The present disclosure addresses the issue described above, and a purpose thereof is to provide a machine learning technology capable of performing transfer learning in accordance with the property of a domain.
A machine learning device according to an aspect of the embodiment includes: a domain adaptation data richness determination unit that, when a first model trained by using training data of a first domain is trained by transfer learning by using training data of a second domain, determines a domain adaptation data richness based on the number of items of training data of the second domain, the first model being a neural network; a learning layer determining unit that determines a layer in the second model, which is a duplicate of the first model, targeted for training, based on the domain adaptation data richness; and a transfer learning unit that applies transfer learning to the layer in the second model targeted for training, by using the training data of the second domain.
Another mode of the embodiment relates to a machine learning method. The method includes: when a first model trained by using training data of a first domain is trained by transfer learning by using training data of a second domain, determining a domain adaptation data richness based on the number of items of training data of the second domain, the first model being a neural network; determining a layer in the second model, which is a duplicate of the first model, targeted for training, based on the domain adaptation data richness; and applying transfer learning to the layer in the second model targeted for training, by using the training data of the second domain.
Optional combinations of the aforementioned constituting elements, and implementations of the embodiment in the form of methods, apparatuses, systems, recording mediums, and computer programs may also be practiced as additional modes of the present disclosure.
The invention will now be described by reference to the preferred embodiments. This does not intend to limit the scope of the present invention, but to exemplify the invention.
Transfer learning is one of machine learning methods and is a method of adapting a model trained for a first task having sufficient data to learning of a second task related to the first task but not having sufficient data. Transfer learning can transfer the knowledge learned on the basis of sufficient data to a further task and so makes it possible to obtain highly precise results for the second task not having much data.
In transfer learning, a case in which the input domain of the first task and the input domain of the second task are of the same type and differ only in probability distribution is referred to as “domain adaptation”.

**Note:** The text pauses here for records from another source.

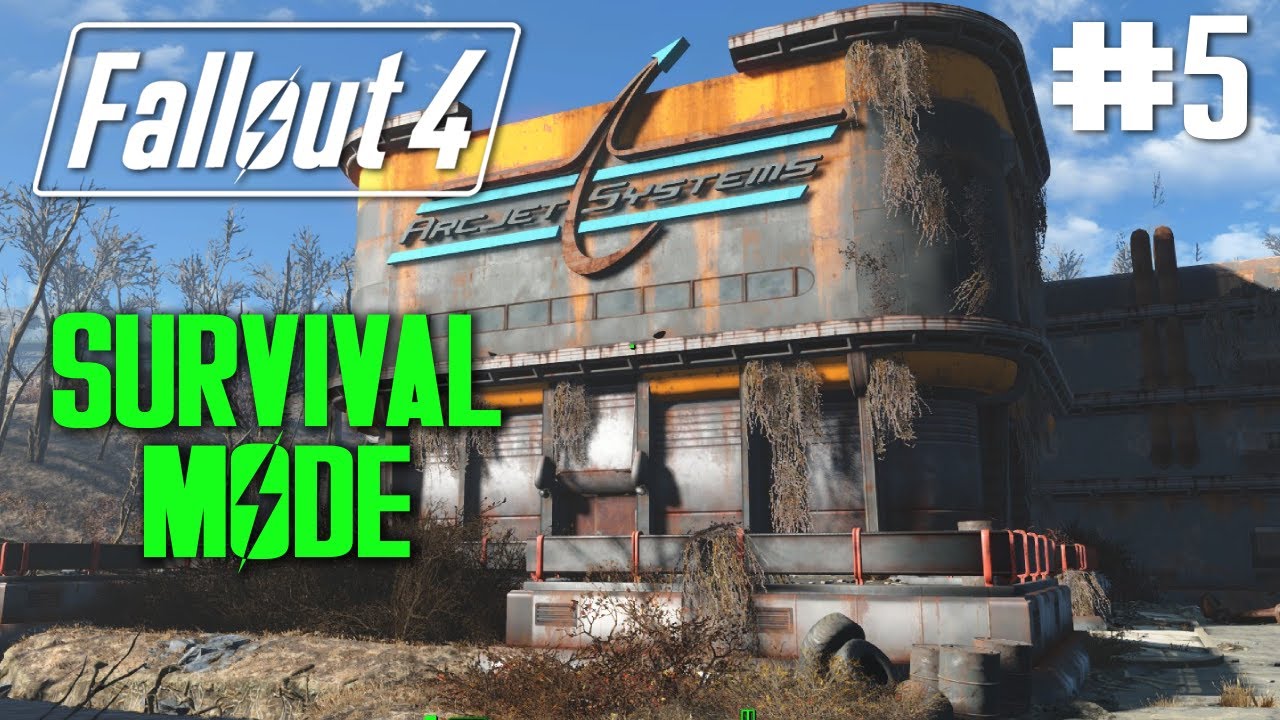 Let's Play: Fallout 4 SURVIVAL MODE | ArcJet Systems EP 5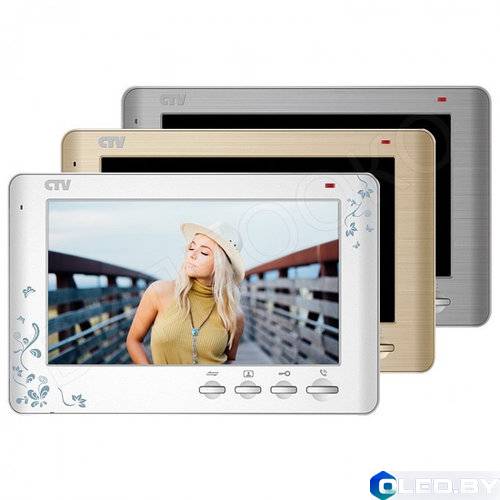 Видеодомофон CTV-M1704 SE (серебро/прованс/шампань)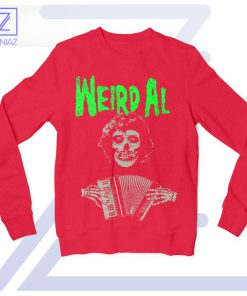 Accordion Cool with Misfits Music Red Sweatshirt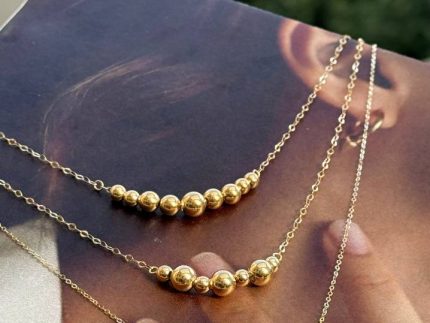 گردنبند طلا گوی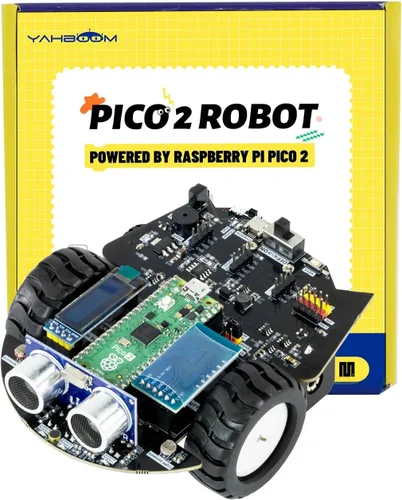 Vista 7 de Yahboom Raspberry Pi Pico2 Smart Robot Car Starter Programación Robot Kit DIY MicroPython Electrónica Científica Programación Proyecto Kit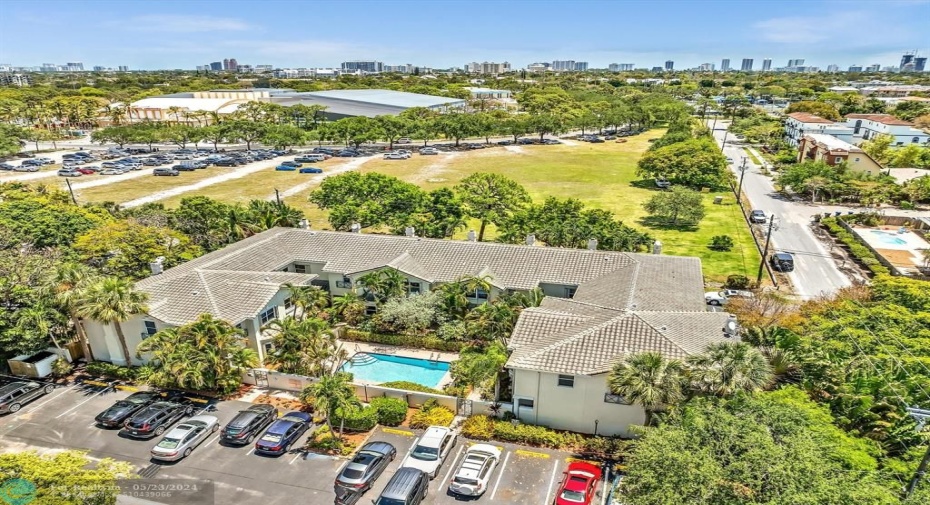 Aerial View of Front of Complex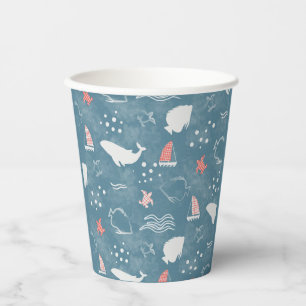 Nautical Under Sea Baby Shower Pappbecher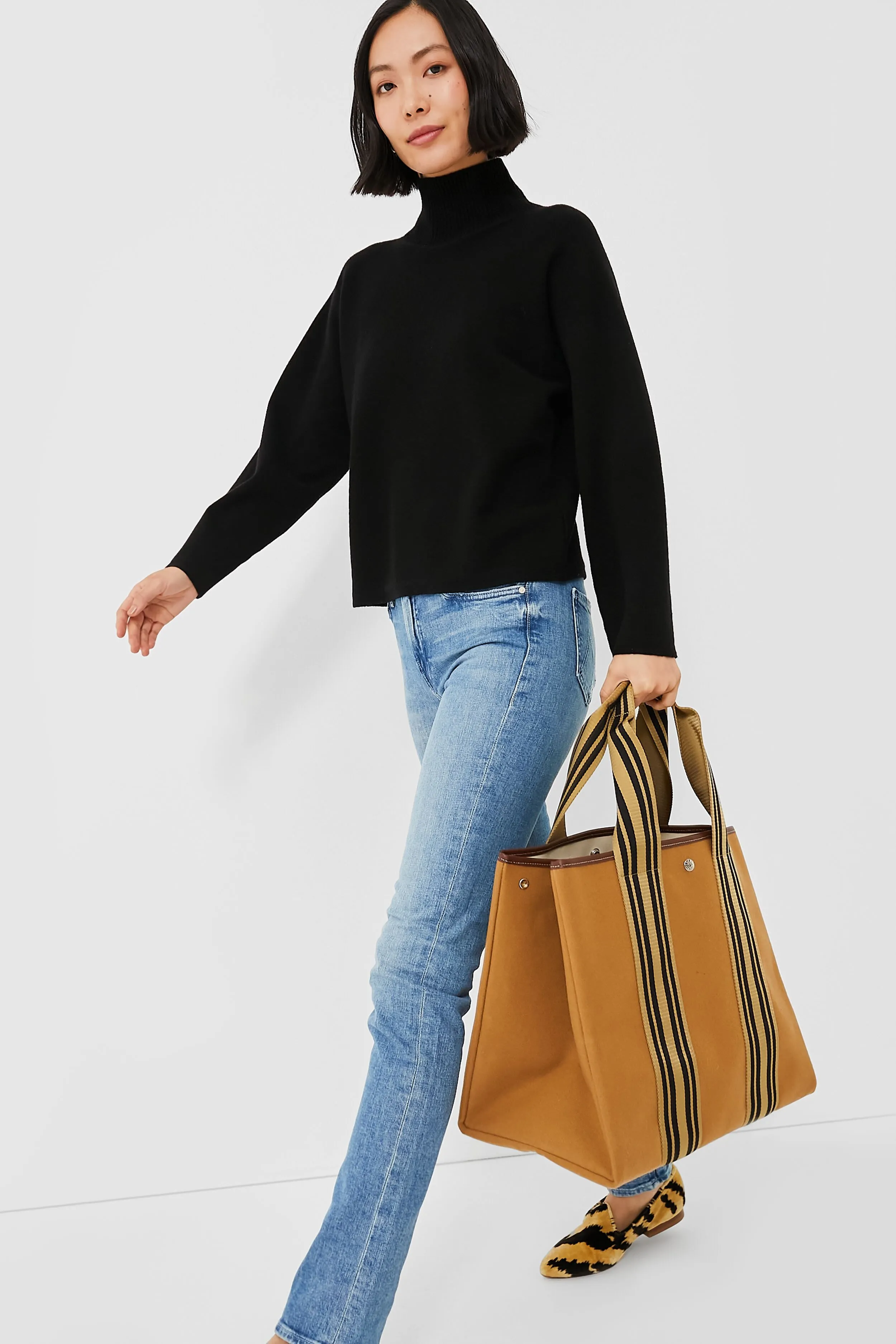 Black Dolman Sleeve Turtleneck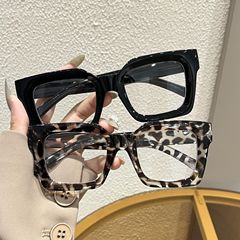 方形米钉平光镜男新款防蓝光欧美素颜眼镜框时尚ins复古眼镜架女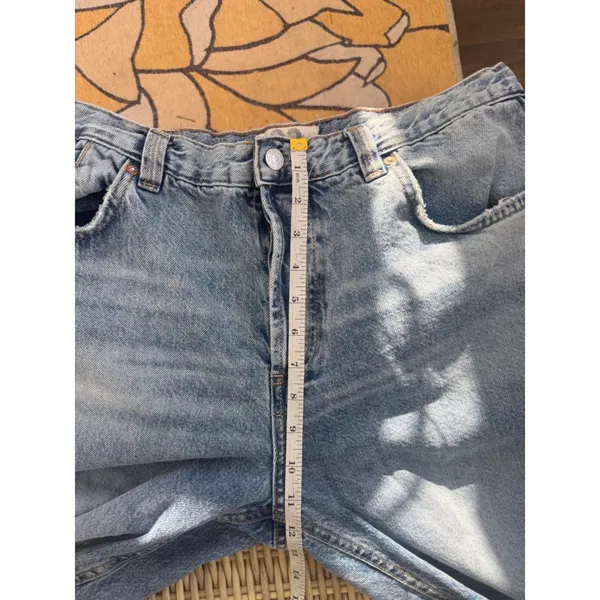 WE THE FREE CRVY‎ SIREN LOW RISE STRAIGHT LEG JEANS 33 layered minimalist boho - Image 11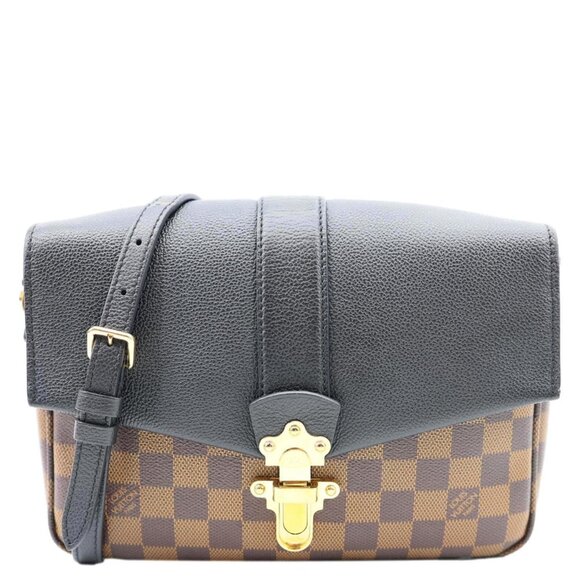 Louis Vuitton Clapton Damier Ebene Crossbody Bag Brown - Picture 1 of 12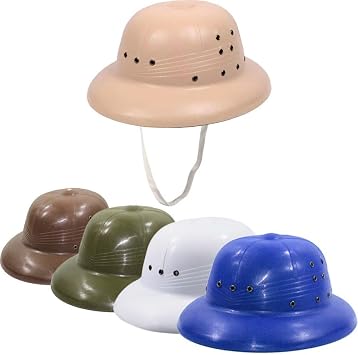 Pith Helmet Vietnam Hat Work Safety Protective Helmet Cap Waterproof Sun Hat Jungle Outdoor Head Protection Miners Cap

The input domain of the first task that is a source of transfer is referred to as “source domain”, and the input domain of the second task that is a destination of transfer is referred to as “target domain”. Further, the model trained for the first task is referred to as “source model”, and the model trained for the second task is referred to as “target model”.
In one example of domain adaptation, it is preferable to use, as the source domain, computer graphics (CG) and Web images, for which it is easy to collect data, and to use, as the target domain, real images captured by a camera or the like. The forms of the source domain and the target domain are not limited to these.
By training the source model using a large quantity of CG images as the source domain and using images captured by the camera as the target domain, transfer learning from the source model is performed in domain adaptation to generate a target model. It will be assumed here that classes included in the domain are exemplified by persons, cars, bicycles, dogs, and motorcycles, and the task is categorization.
The machine learning device 100 is a device to generate a target model by transfer learning, based on a trained source model and a target domain.
The source domain acquisition unit 10 acquires, as the source domain, CG images of persons, cars, bicycles, dogs, and motorcycles in a quantity sufficiently large to train the source model to categorize persons, cars, bicycles, dogs, and motorcycles with high precision.
The learning unit 20 uses the source domain to train a neural network model by machine learning to generate a source model and stores the generated source model in the source model storage unit 30. The source model can categorize the source domain with high precision.
The source model stored in the source model storage unit 30 is a trained source model used as a model at the source of transfer in transfer learning. The source model is a neural network model.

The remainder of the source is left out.